Directions for this task:
Without the images, repeat every line of the listing verbatim.

Data excerpt:
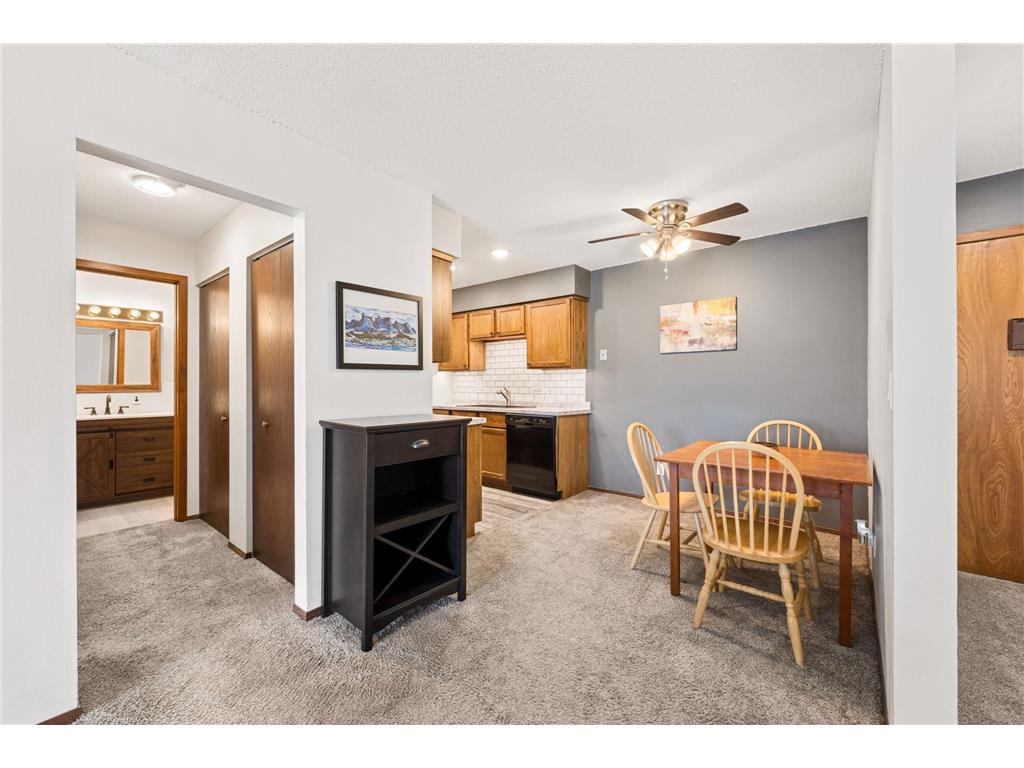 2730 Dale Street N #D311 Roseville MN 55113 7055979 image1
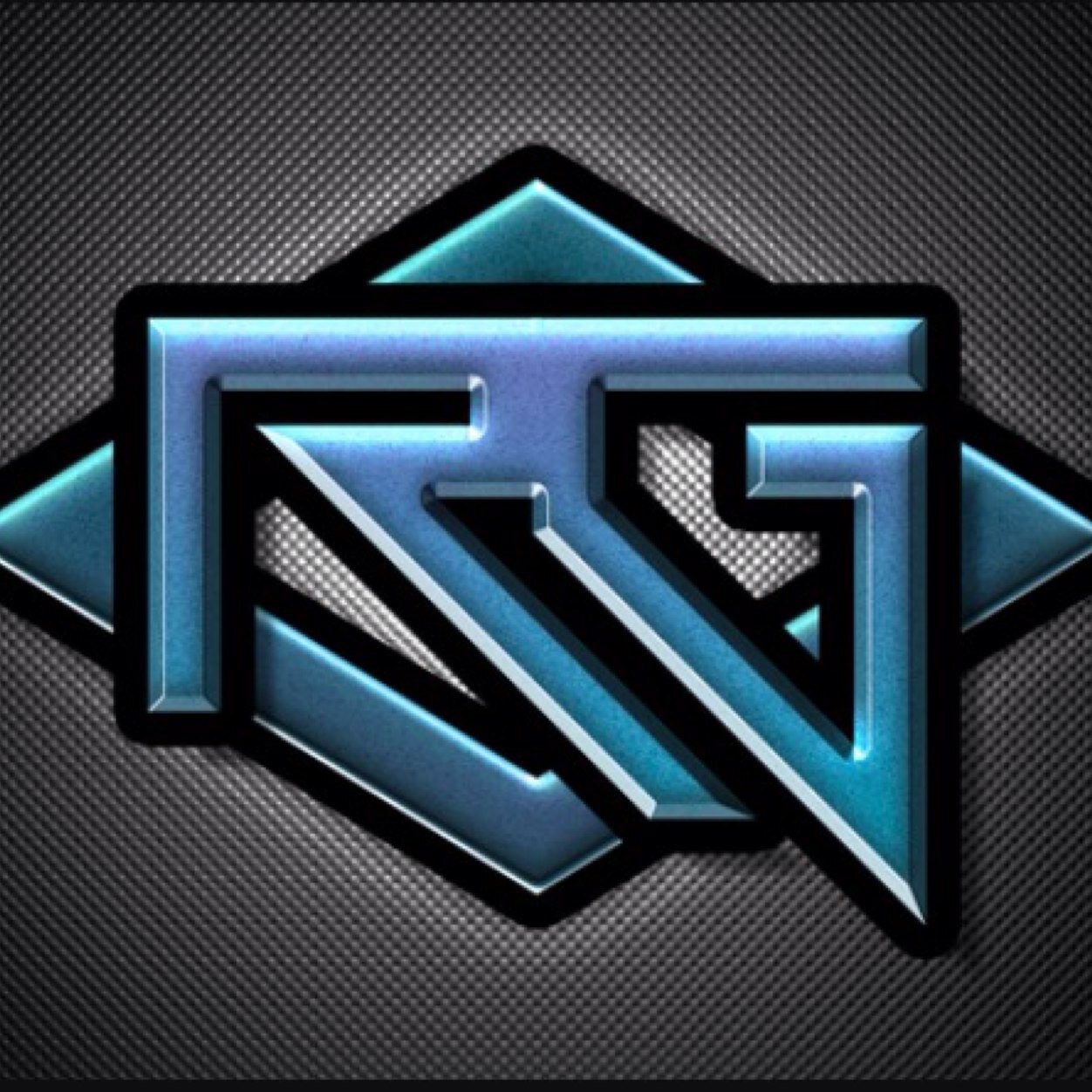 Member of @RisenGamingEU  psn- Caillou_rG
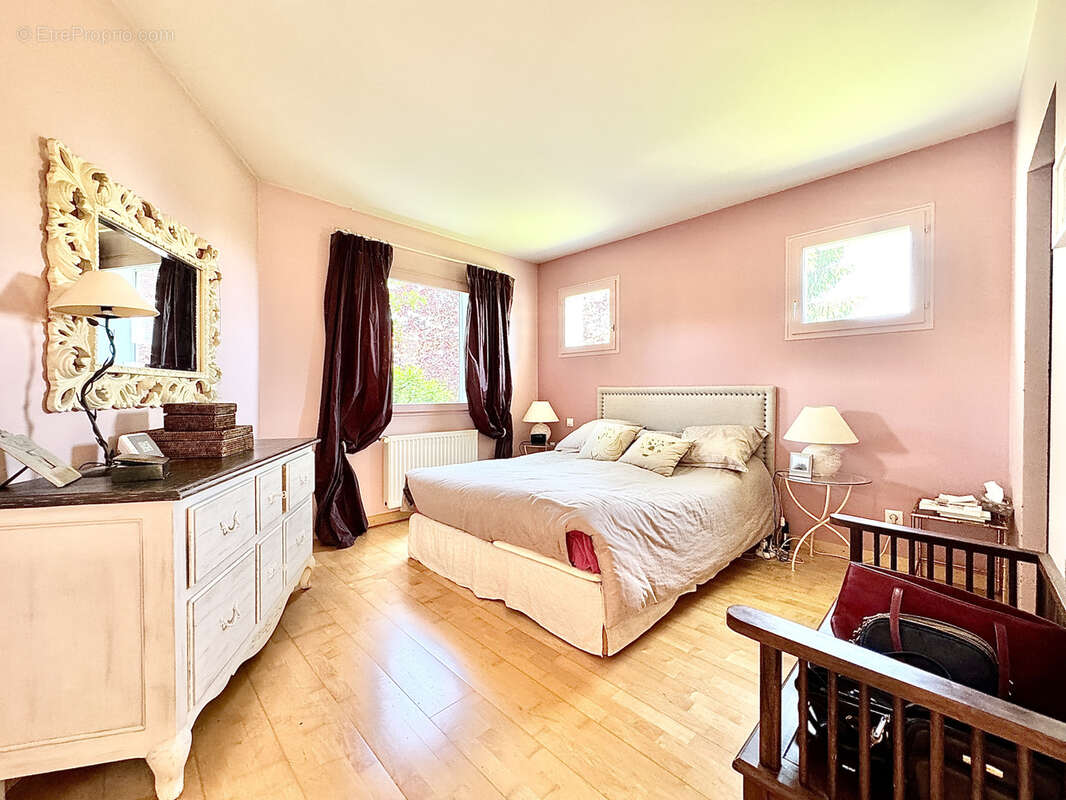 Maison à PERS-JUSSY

Written answer:
 2730 Dale Street N #D311 Roseville MN 55113 7055979 image1
 Member of @RisenGamingEU  psn- Caillou_rG
 Maison à PERS-JUSSY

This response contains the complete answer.